Çorapla yürüyen başbakan haberi verilir mi

SON zamanlarda en çok tartıştığımız konulardan biri şuydu:‘‘Bir başbakanın hastalığına bağlı unutkanlıkları haber yapılır mı?’’

İsterseniz daha somut biçimde sorayım.

EVET YAYINLANIR

‘‘Gözcü’’
Gazetesi, ‘‘Başbakan Ecevit'in, Bakanlar Kurulu'nda ayakkabılarını unutup çorapla yürüdüğünü’’ yazmıştı.

Soru şuydu:

‘‘Bu haber bize gelse yayınlar mıyız?’’

Arkadaşlarımızın bir bölümü, ‘‘bunun yayınlanmaması gerektiği’’ görüşündeydi.

Bir bölümü ise ‘‘Yayınlanmalı’’ diyordu.

Bana göre ise ‘‘haber doğruysa’’ yayınlanır.

Mesela, etik konulardaki hassasiyeti bilinen Amerikan basını, başkanla ilgili böyle bir olay varsa, mutlaka yayınlar diye düşünüyorum.

Son bir yıl içinde Başbakan Ecevit'le ilgili bazı haberler geliyor.

Nitekim çorap haberi bize de geldi, ama doğrulatamadık.

Buna karşılık, Anıtkabir'deki deftere yazacağı şeylerin daha önceden başkaları tarafından yazıldığı konusundaki haberi de verdik.

Çünkü bir başbakanın sağlığı ve zihni yeteneklerinin durumu, ülkenin bütün vatandaşlarını ilgilendirir.

Bundan bir süre önce Başbakan Bülent Ecevit'in hafıza yetenekleriyle ilgili bir yazı yazmıştım.

Çankaya Köşkü'nde verilen 29 Ekim davetinde, Ecevit'in, hayatında iki üç defa gördüğü eşimle ilgili bir ayrıntıyı hemen hatırladığını belirtmiştim.

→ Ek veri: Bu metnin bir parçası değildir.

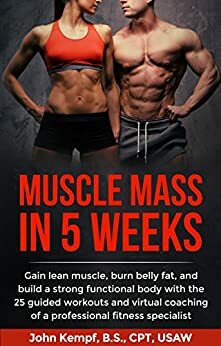 Muscle Mass in 5 Weeks: Gain lean muscle, burn belly fat, and build a strong functional body with the 25 guided workouts and virtual coaching of a professional fitness specialist by John Kempf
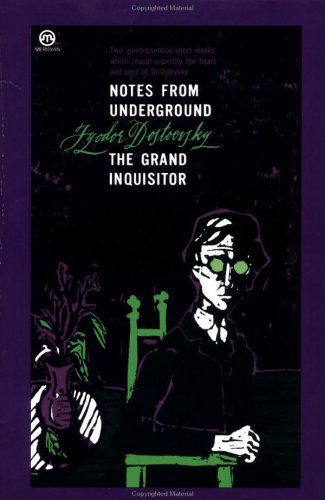 Notes from Underground & The Grand Inquisitor (Paperback)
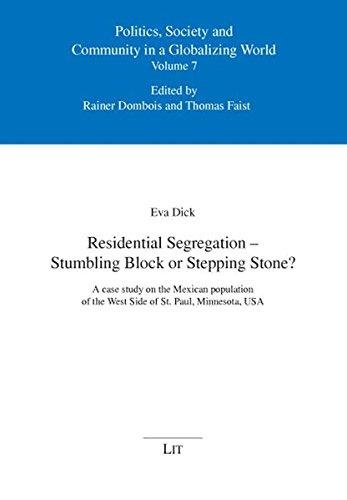 Eva Dick • Residential Segregation - Stumbling Block or Stepping Stone?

Bu yazının yayınlandığı gün, inanamayacağınız kadar çok faks ve e-mail aldım.

Hepsi de nazik bir dille yazılmış mesajlardı.

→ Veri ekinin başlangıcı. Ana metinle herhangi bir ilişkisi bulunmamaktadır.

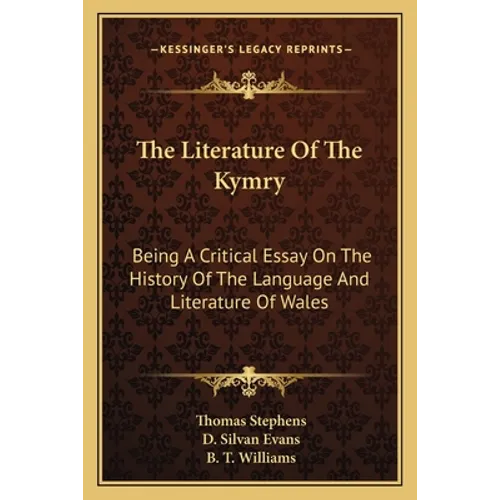 The Literature Of The Kymry: Being A Critical Essay On The History Of The Language And Literature Of Wales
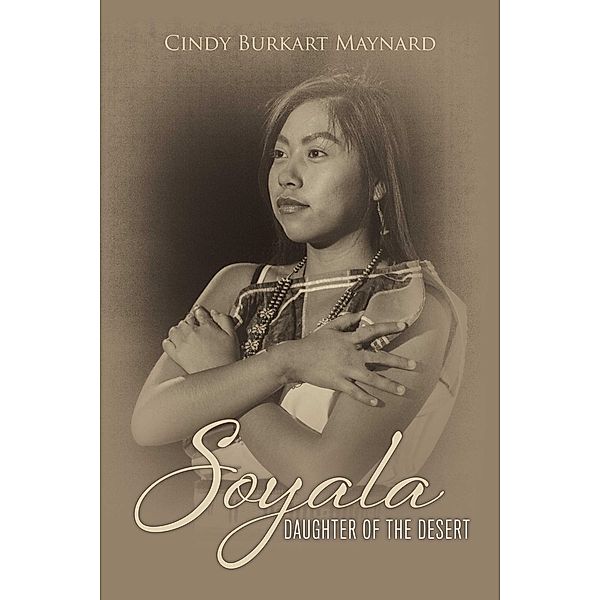 Soyala: Daughter of the Desert, Cindy Burkart Maynard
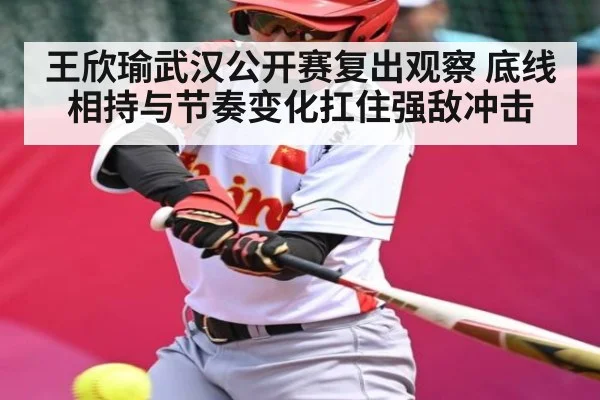 王欣瑜武汉公开赛复出观察 底线相持与节奏变化扛住强敌冲击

Yani internetin, ‘‘azgın azınlığının’’ kaba küfürleri değildi.

Ülke üzerine düşünen saygın insanların yazdığı belliydi.

KEŞKE DANIŞSAYDINIZ

Bu mesajların birinde aynen şöyle deniliyordu:

‘‘Sayın Özkök, keşke bu yazıyı yazmadan önce bir doktora danışsaydınız. Çünkü yazdığınız olay, tipik bir Alzheimer belirtisidir. Ne yazık ki Başbakanımız bu hastalıktan mustariptir.’’

Çünkü Alzheimer hastaları, yakın geçmişi unuturlarmış.

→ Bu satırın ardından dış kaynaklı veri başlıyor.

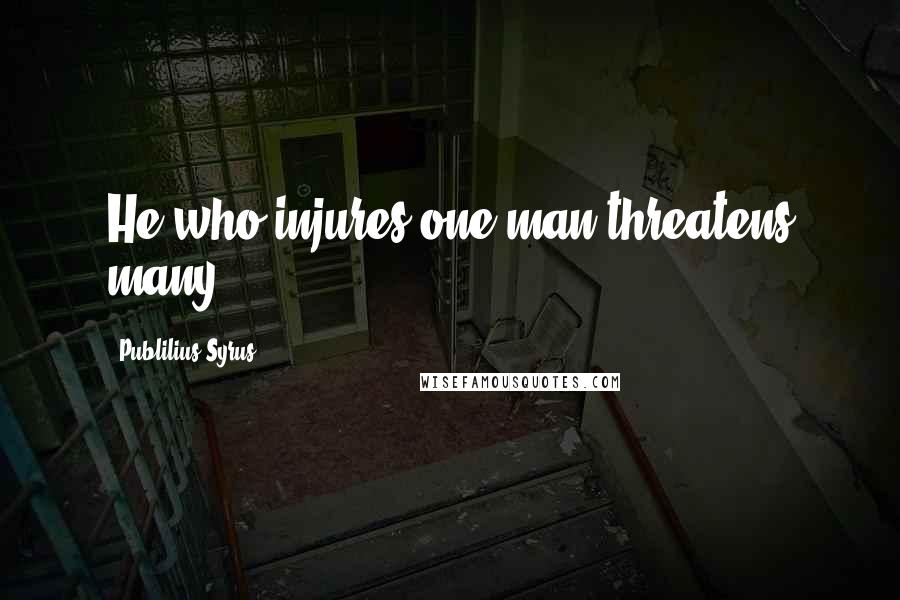 Publilius Syrus Quotes: He who injures one man threatens many.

Bu hastalığın kuralı da şuymuş:

‘‘Son gelen bilgi, ilk silinen bilgi olurmuş.’’

Tabii bu, bir başbakan için tehlikeli bir özellik olurdu.

Çünkü başbakanlar için ülkenin yakın dönem ve bugünkü olayları, geçmişe göre çok daha önemlidir.

Ancak o gün benim Çankaya'da gördüğüm Ecevit'te böyle bir şey yoktu.

TECRÜBENİN ÖNEMİ

Bugün Hürriyet'te, Türkiye'nin en tanınmış Alzheimer uzmanlarından biri olan Prof. Murat Emre ile Yener Süsoy'un yaptığı söyleşiyi okudum.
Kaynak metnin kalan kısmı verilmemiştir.